The US trade deficit in goods for April narrowed more than expected, with export growth offsetting rising imports.
In April, the trade deficit in goods in the United States narrowed, reflecting an increase in exports of capital goods and consumer goods.
In April, the trade deficit in the United States narrowed, reflecting an increase in exports of capital goods and consumer goods. Data released by the U.S. Department of Commerce on Friday showed that the seasonally adjusted trade deficit in goods for April decreased by 3.4% to $82.4 billion, while the market consensus was $87 billion. U.S. goods exports increased by 4%, with exports of industrial raw materials such as crude oil and petroleum products in addition to capital goods and consumer goods also rising; imports increased by 1.9%.
The actual closure of the Strait of Hormuz due to the conflict in the Middle East has become another supply chain challenge for businesses to address after last year's erratic U.S. tariff policy. Economists say some companies have increased inventory levels to hedge against supply chain interruptions; furthermore, the AI construction boom has also driven continuous growth in equipment imports.

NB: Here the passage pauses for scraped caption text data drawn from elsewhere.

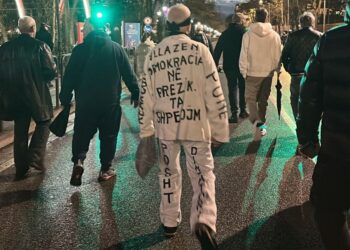 “Vllazën, demokracia në rrezik”, protestuesi tërheq vëmendjen me veshjen e pazakontë –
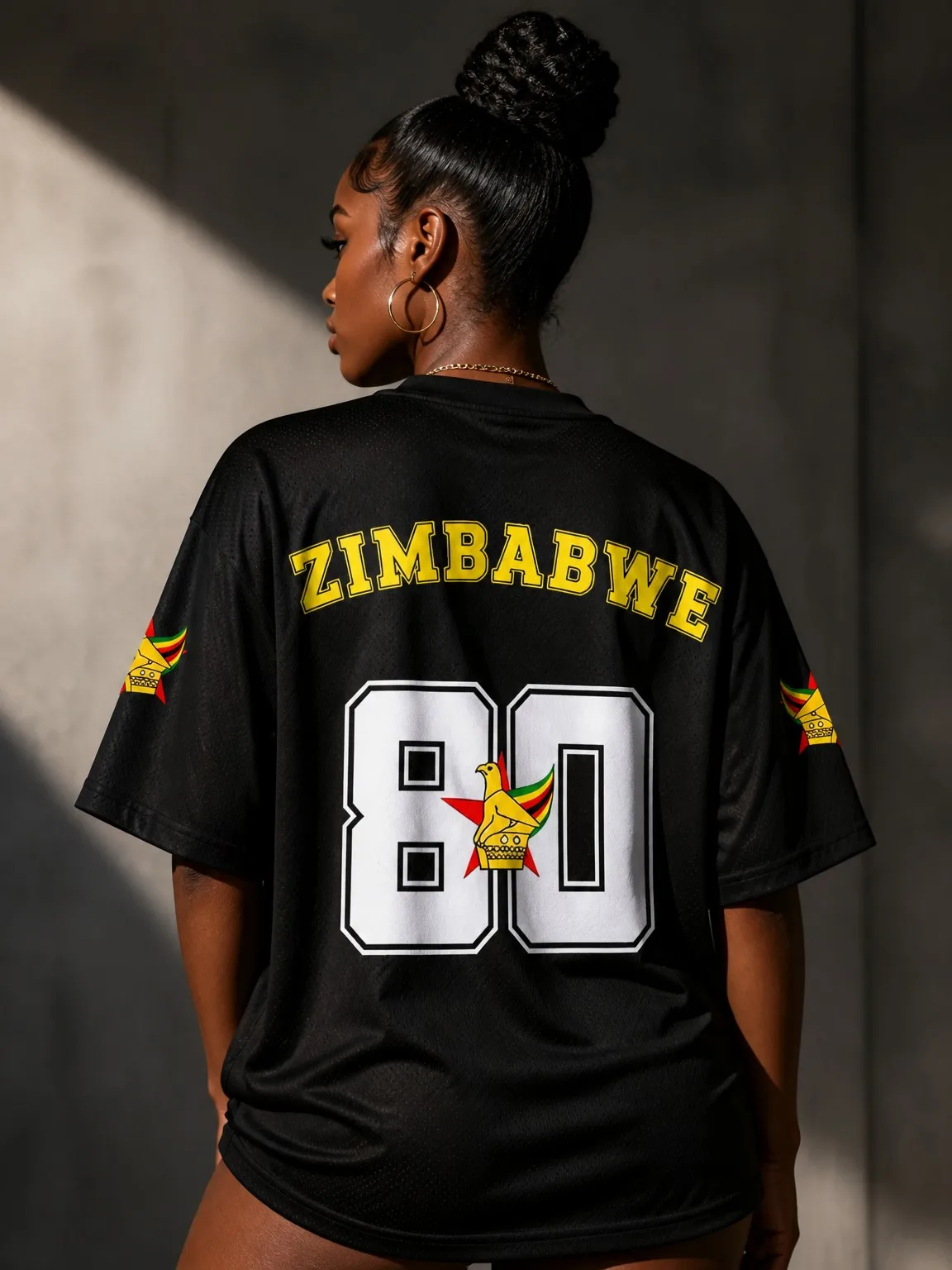 2026 Sommer Neuerscheinung Lässiges Oversize-T-Shirt, Vielseitiger Alltagsstil, Simbabwe-Print V-Ausschnitt Kurzarm-Sweatshirt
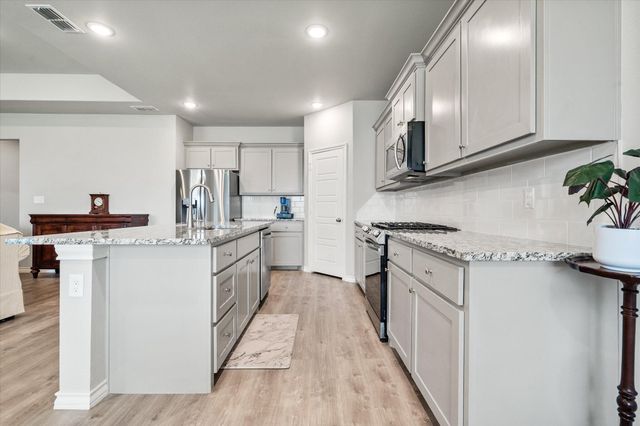 7611 60th Street, Lubbock, TX 79407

In April, U.S. capital goods imports increased by 40.1% year-on-year, reaching a historic high. In addition to trade data, the latest leading economic indicators show that U.S. retail inventories increased by 0.7% and wholesale inventories increased by 0.5% on a month-on-month basis. With the impact of the Middle East conflict on oil trade, U.S. producers have seized the opportunity to fill the supply gap. U.S. crude oil exports hit a new high in April, with daily exports exceeding 6.4 million barrels; exports of refined oil products such as gasoline, diesel, and jet fuel also saw a significant surge.
In the first quarter of this year, the drag of net exports on the U.S. GDP reached the highest level in a year. The complete trade data for April, including services trade, will be released on June 9th.